La charge de police durant laquelle Geneviève Legay a été gravement blessée le 23 mars 2019 à Nice lors d'une manifestation interdite de "gilets jaunes", a été disproportionnée en raison "d'ordres inadaptés", estime l'Inspection générale de la police nationale (IGPN) dans un rapport dont l'AFP a eu connaissance mardi.
Des "ordres inadaptés"
L'IGPN a relevé "des différences d'appréciation" sur le terrain, le jour des faits, entre les commandants d'unités et le responsable opérationnel du maintien de l'ordre - le commissaire divisionnaire Rabah Souch i-dont "la stratégie adoptée et les ordres donnés (...) se caractérisent par un manque de clarté et un aspect directif", selon ces éléments du dossier qui confirment une information de Mediapart.

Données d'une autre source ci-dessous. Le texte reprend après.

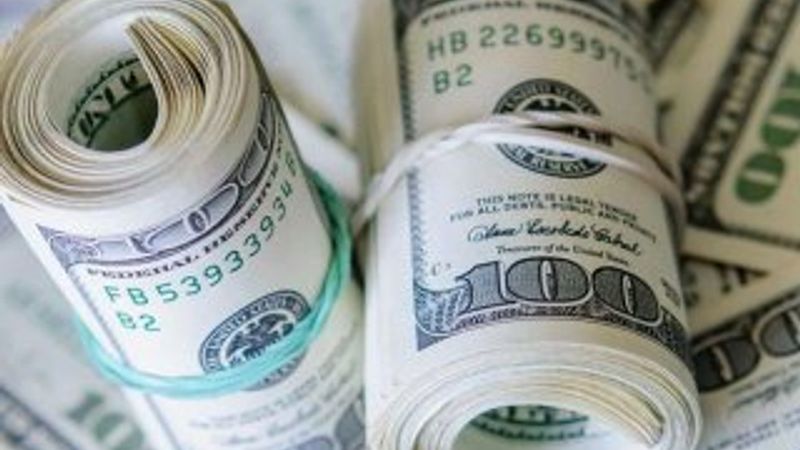 Dolar 6 lirayı gördü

Des "ordres inadaptés", souligne encore l'IGPN, comme celui de la charge sur la place Garibaldi puis sur le boulevard Jean-Jaurès où se tenait la manifestation, "venu immédiatement après les sommations" et lancé "directement aux effectifs de la compagnie départementale d'intervention" sans que leur responsable direct "n'ait eu le temps et la possibilité d'intervenir".
Le dispositif policier "légitime" dans un "contexte sensible"

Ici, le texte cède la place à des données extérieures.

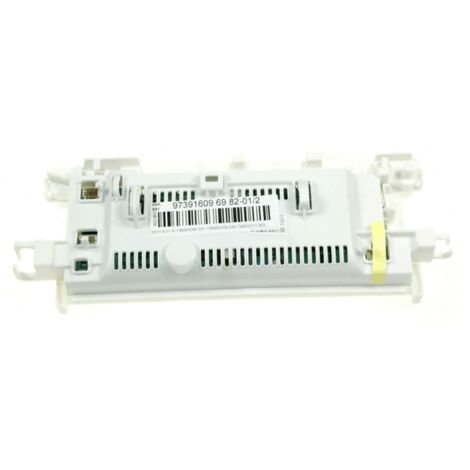 MODULE DE PUISSANCE CONFIGURER POUR SECHE LINGE ELECTROLUX - 97391609698201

Les vidéos exploitées "donnent raison" aux commandants d'unités qui "estiment qu'une vague de refoulement réalisée en marchant, avec les boucliers en position de protection, aurait été une manœuvre d'une intensité proportionnelle à la situation", selon l'IGPN. "Il faut cependant avoir conscience que cette façon de progresser n'aurait peut-être pas empêché la chute de Geneviève Legay", nuance l'Inspection, ajoutant que le dispositif policier le jour des faits était "légitime", dans "un contexte sensible".
Un traumatisme crânien
"Projetée au sol" par un policier, Geneviève Legay, 73 ans et militante d'Attac, a souffert d'un traumatisme crânien à la suite de sa chute. Elle participait à une manifestation interdite de "gilets jaunes", à la veille d'une visite du président chinois Xi Jinping. "Compte tenu de ces éléments, nous attendons la mise en examen du préfet de l'époque ainsi que du commissaire Rabah Souchi. Il n'est pas admissible que celui-ci soit encore en exercice à Nice", a déclaré mardi après-midi à l'AFP, l'avocat de la septuagénaire, Me Arié Alimi.

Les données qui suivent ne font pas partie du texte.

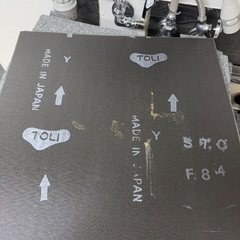 東リ　タイルカーペットの画像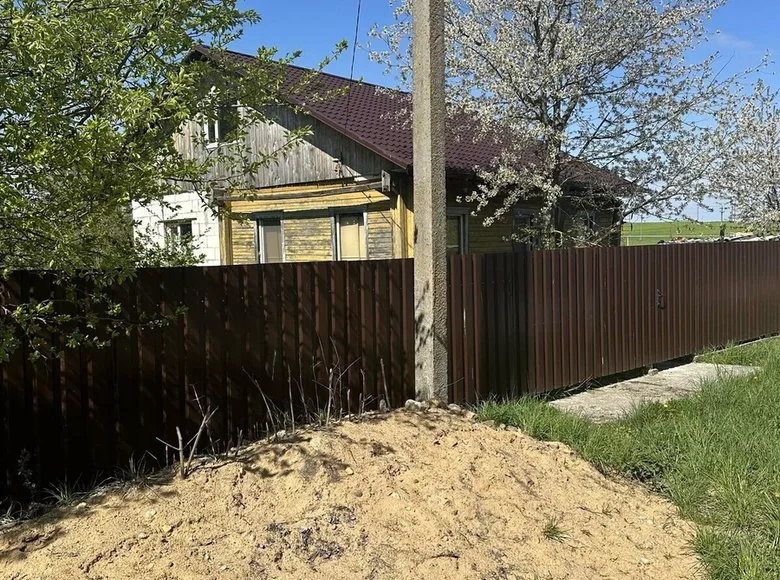 House 150 m² Siejlavicki sielski Saviet, Belarus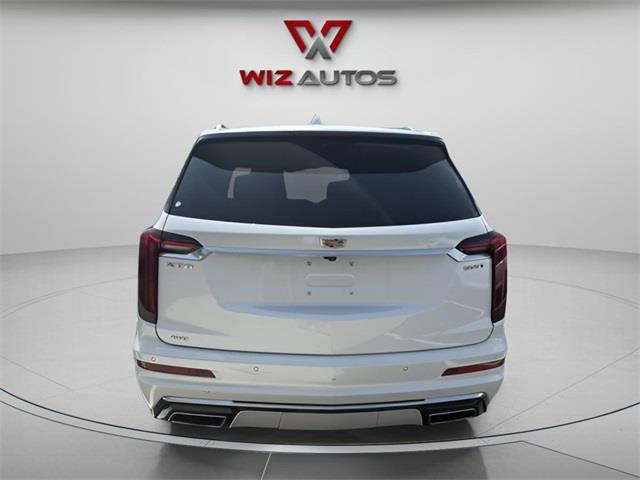 2023 Cadillac Xt6 Luxury, available for sale in Stratford, Connecticut | Wiz Leasing Inc. Stratford, Connecticut 2023 Cadillac Xt6 Luxury, available for sale in Stratford, Connecticut | Wiz Leasing Inc. Stratford, Connecticut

L'affaire avait eu à l'époque une forte résonance, alimentée par les points de vue contradictoires des autorités. Le procureur de Nice, Jean-Michel Prêtre, avait d'abord démenti tout "contact" physique de la part des forces de l'ordre, des propos repris par Emmanuel Macron. Puis le magistrat avait ensuite reconnu qu'elle avait été poussée par un policier, suite à l'exploitation d'images de vidéosurveillance.
Le procureur a depuis été muté à la cour d'Appel de Lyon fin 2019 et l'enquête sur les violences, dans laquelle un policier sur le terrain a été mis en examen, a été dépaysée par la Cour de Cassation à Lyon, où Geneviève Legay, alors convalescente, a été entendue. Depuis, un policier des Alpes-Maritimes, soupçonné d'avoir été la source d'une journaliste de Mediapart dans cette affaire, a été suspendu.